Next, we substitute \(\displaystyle x(u,v)=3u+2v\) and \(\displaystyle y(u,v)=4u−v:\)

\[\begin{align*} \dfrac{∂z}{∂u}&=10x+2y \\ &=10(3u+2v)+2(4u−v) \\ &=38u+18v. \end{align*}\]

To find \(\displaystyle ∂z/∂v,\) we use Equation:

\[\begin{align*} \dfrac{∂z}{∂v}&=\dfrac{∂z}{∂x}\dfrac{∂x}{∂v}+\dfrac{∂z}{∂y}\dfrac{∂y}{∂v} \\ &=2(6x−2y)+(−1)(−2x+2y) \\ &=14x−6y. \end{align*}\]

Then we substitute \(\displaystyle x(u,v)=3u+2v\) and \(\displaystyle y(u,v)=4u−v:\)

\[\begin{align*} \dfrac{∂z}{∂v}&=14x−6y \\ &=14(3u+2v)−6(4u−v) \\ &=18u+34v \end{align*}\]

Example \(\PageIndex{3}\): Using the Generalized Chain Rule

Calculate \(\displaystyle ∂w/∂u\) and \(\displaystyle ∂w/∂v\) using the following functions:

\[\begin{align*} w&=f(x,y,z)=3x^2−2xy+4z^2 \\ x&=x(u,v)=e^u\sin v \\ y&=y(u,v)=e^u\cos v \\ z&=z(u,v)=e^u. \end{align*}\]

Solution

The formulas for \(\displaystyle ∂w/∂u\) and \(\displaystyle ∂w/∂v\) are

\[\begin{align*} \dfrac{∂w}{∂u}&=\dfrac{∂w}{∂x}⋅\dfrac{∂x}{∂u}+\dfrac{∂w}{∂y}⋅\dfrac{∂y}{∂u}+\dfrac{∂w}{∂z}⋅\dfrac{∂z}{∂u} \\ \dfrac{∂w}{∂v}&=\dfrac{∂w}{∂x}⋅\dfrac{∂x}{∂v}+\dfrac{∂w}{∂y}⋅\dfrac{∂y}{∂v}+\dfrac{∂w}{∂z}⋅\dfrac{∂z}{∂v}. \end{align*}\]
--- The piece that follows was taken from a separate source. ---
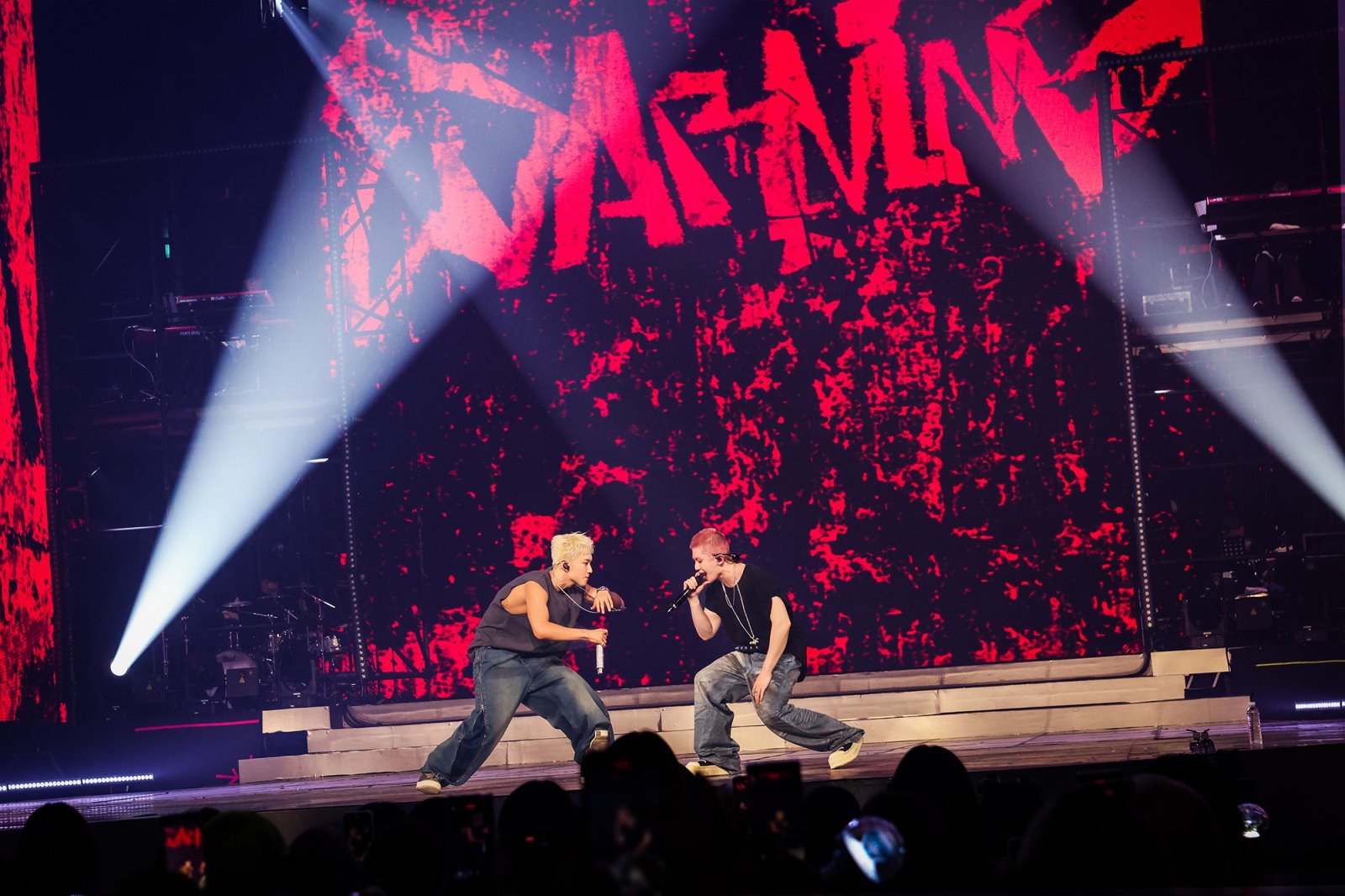 세븐틴의 최강 듀오 우지와 호시가 15일과 16일 각각 국가의 부름을 받고 나란히 입대하며 세븐틴의 ‘군백기’가 본격화 됐다. 사진제공 | 플레디스 엔터테인먼트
Therefore, there are nine different partial derivatives that need to be calculated and substituted. We need to calculate each of them:

\[\begin{align*} &\dfrac{∂w}{∂x}=6x−2y && \dfrac{∂w}{∂y}=−2x && \dfrac{∂w}{∂z}=8z \\ &\dfrac{∂x}{∂u}=e^u\sin v && \dfrac{∂y}{∂u}=e^u\cos v && \dfrac{∂z}{∂u}=e^u \\ &dfrac{∂x}{∂v}=e^u\cos v && \dfrac{∂y}{∂v}=−e^u\sin v && \dfrac{∂z}{∂v}=0. \end{align*}\]

Now, we substitute each of them into the first formula to calculate \(\displaystyle ∂w/∂u\):

\[\begin{align*} \dfrac{∂w}{∂u}&=\dfrac{∂w}{∂x}⋅\dfrac{∂x}{∂u}+\dfrac{∂w}{∂y}⋅\dfrac{∂y}{∂u}+\dfrac{∂w}{∂z}⋅\dfrac{∂z}{∂u} \\ &=(6x−2y)e^u\sin v−2xe^u\cos v+8ze^u, \end{align*}\]
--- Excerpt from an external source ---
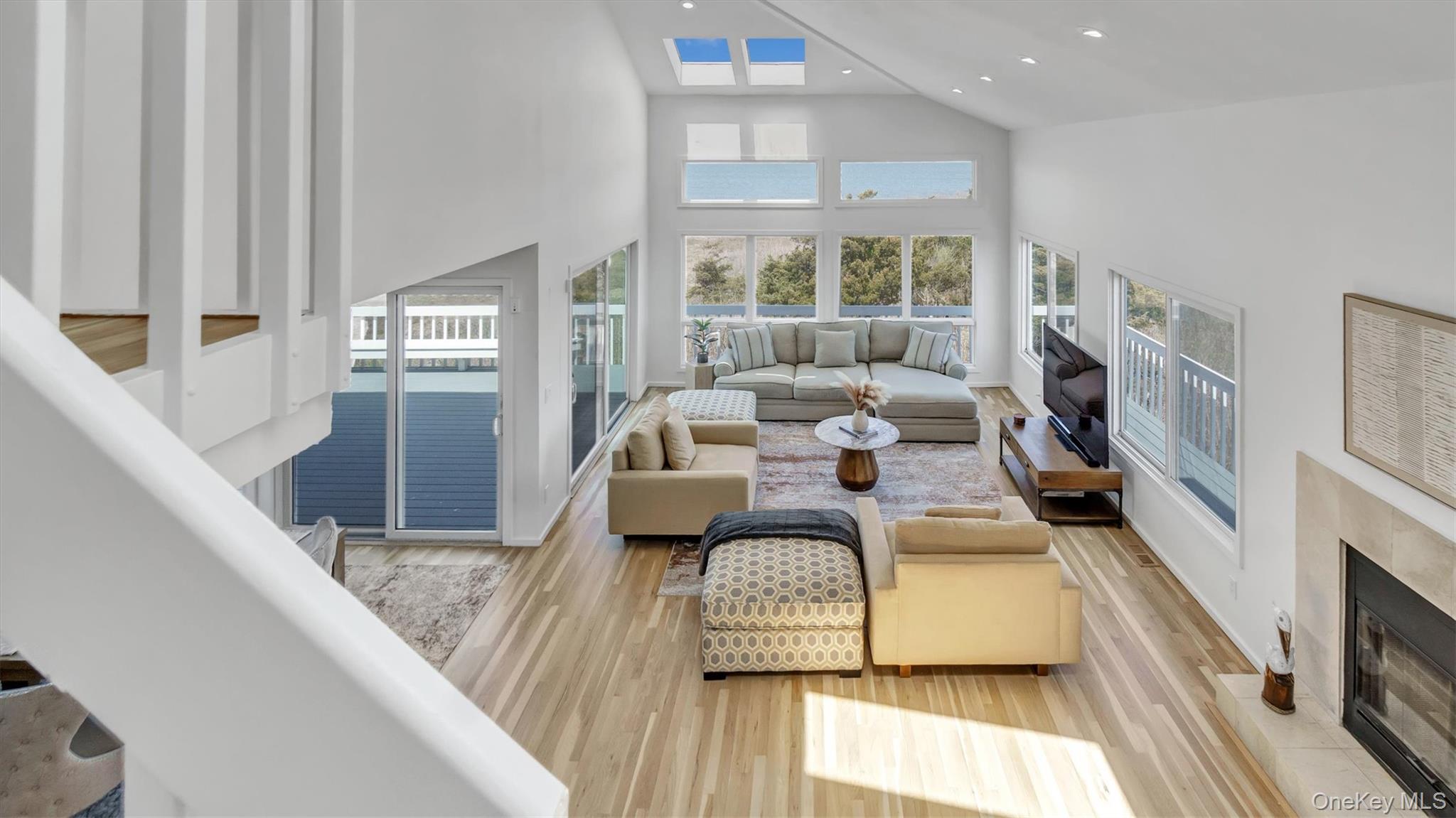 552 Dune Road – For Rent photo 25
then substitute \(\displaystyle x(u,v)=e^u \sin v,y(u,v)=e^u\cos v,\) and \(\displaystyle z(u,v)=e^u\) into this equation:

\[\begin{align*} \dfrac{∂w}{∂u}&=(6x−2y)e^u\sin v−2xe^u\cos v+8ze^u \\ &=(6e^u\sin v−2eu\cos v)e^u\sin v−2(e^u\sin v)e^u\cos v+8e^{2u} \\ &=6e^{2u}\sin^2 v−4e^{2u}\sin v\cos v+8e^{2u} \\&=2e^{2u}(3\sin^2 v−2\sin v\cos v+4). \end{align*}\]
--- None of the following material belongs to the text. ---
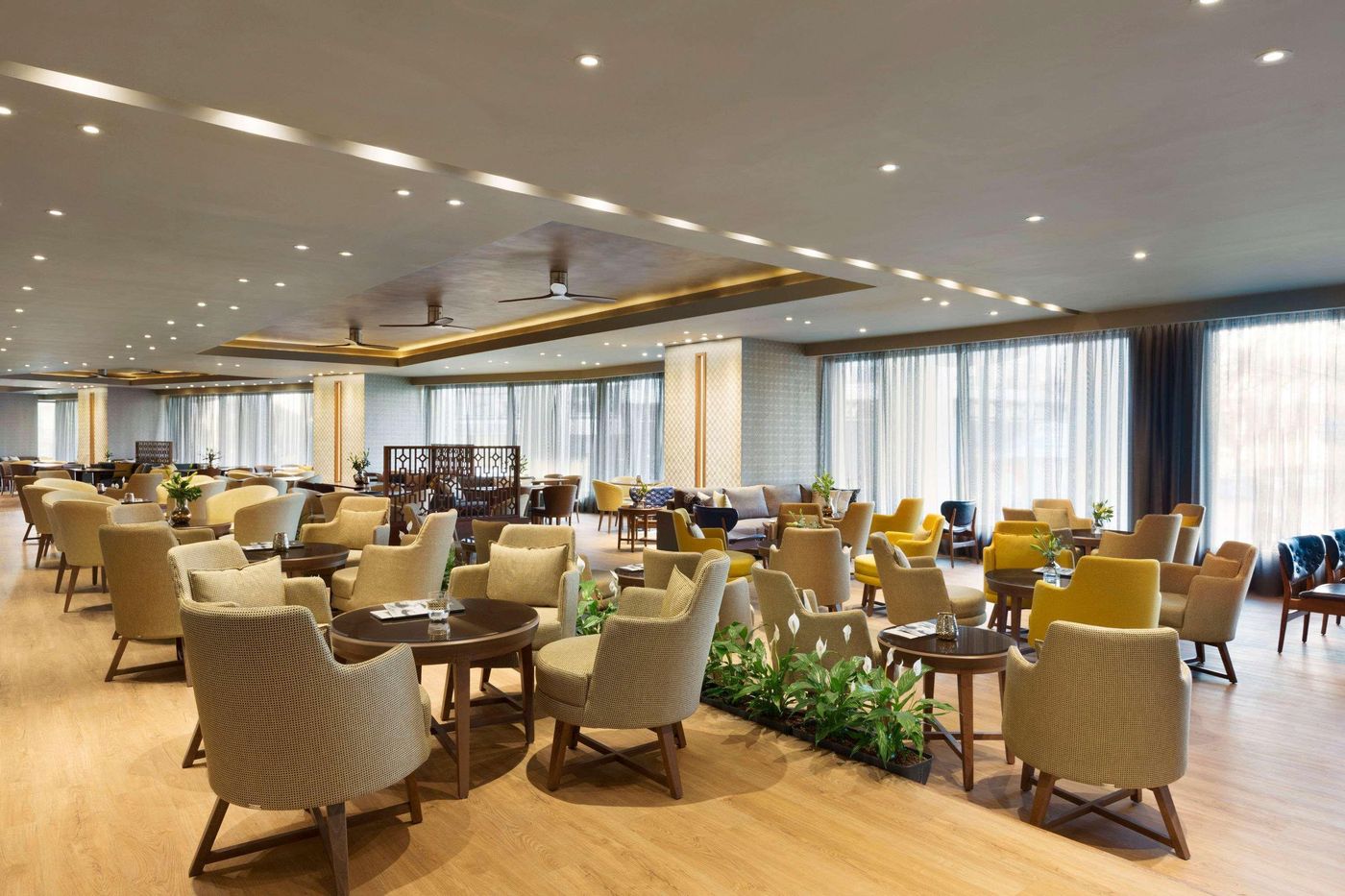 Wyndham-Grand-Athens-Bar-8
Next, we calculate \(\displaystyle ∂w/∂v\):

\[\begin{align*} \dfrac{∂w}{∂v}&=\dfrac{∂w}{∂x}⋅\dfrac{∂x}{∂v}+\dfrac{∂w}{∂y}⋅\dfrac{∂y}{∂v}+\dfrac{∂w}{∂z}⋅\dfrac{∂z}{∂v} \\&=(6x−2y)e^u\cos v−2x(−e^u\sin v)+8z(0), \end{align*}\]

then we substitute \(\displaystyle x(u,v)=e^u\sin v,y(u,v)=e^u\cos v,\) and \(\displaystyle z(u,v)=e^u\) into this equation:

\[\begin{align*} \dfrac{∂w}{∂v}&=(6x−2y)e^u\cos v−2x(−e^u\sin v) \\ &=(6e^u \sin v−2e^u\cos v)e^u\cos v+2(e^u\sin v)(e^u\sin v) \\ &=2e^{2u}\sin^2 v+6e^{2u}\sin v\cos v−2e^{2u}\cos^2 v \\ &=2e^{2u}(\sin^2 v+\sin v\cos v−\cos^2 v). \end{align*}\]

Example \(\PageIndex{4}\): Drawing a Tree Diagram

Create a tree diagram for the case when

\[ w=f(x,y,z),x=x(t,u,v),y=y(t,u,v),z=z(t,u,v) \nonumber\]

and write out the formulas for the three partial derivatives of \(\displaystyle w\).

Solution

Starting from the left, the function \(\displaystyle f\) has three independent variables: \(\displaystyle x,y\), and \(\displaystyle z\). Therefore, three branches must be emanating from the first node. Each of these three branches also has three branches, for each of the variables \(\displaystyle t,u,\) and \(\displaystyle v\).

The three formulas are

\[\begin{align*} \dfrac{∂w}{∂t}&=\dfrac{∂w}{∂x}\dfrac{∂x}{∂t}+\dfrac{∂w}{∂y}\dfrac{∂y}{∂t}+\dfrac{∂w}{∂z}\dfrac{∂z}{∂t} \\ \dfrac{∂w}{∂u}&=\dfrac{∂w}{∂x}\dfrac{∂x}{∂u}+\dfrac{∂w}{∂y}\dfrac{∂y}{∂u}+\dfrac{∂w}{∂z}\dfrac{∂z}{∂u} \\ \dfrac{∂w}{∂v}&=\dfrac{∂w}{∂x}\dfrac{∂x}{∂v}+\dfrac{∂w}{∂y}\dfrac{∂y}{∂v}+\dfrac{∂w}{∂z}\dfrac{∂z}{∂v}. \end{align*}\]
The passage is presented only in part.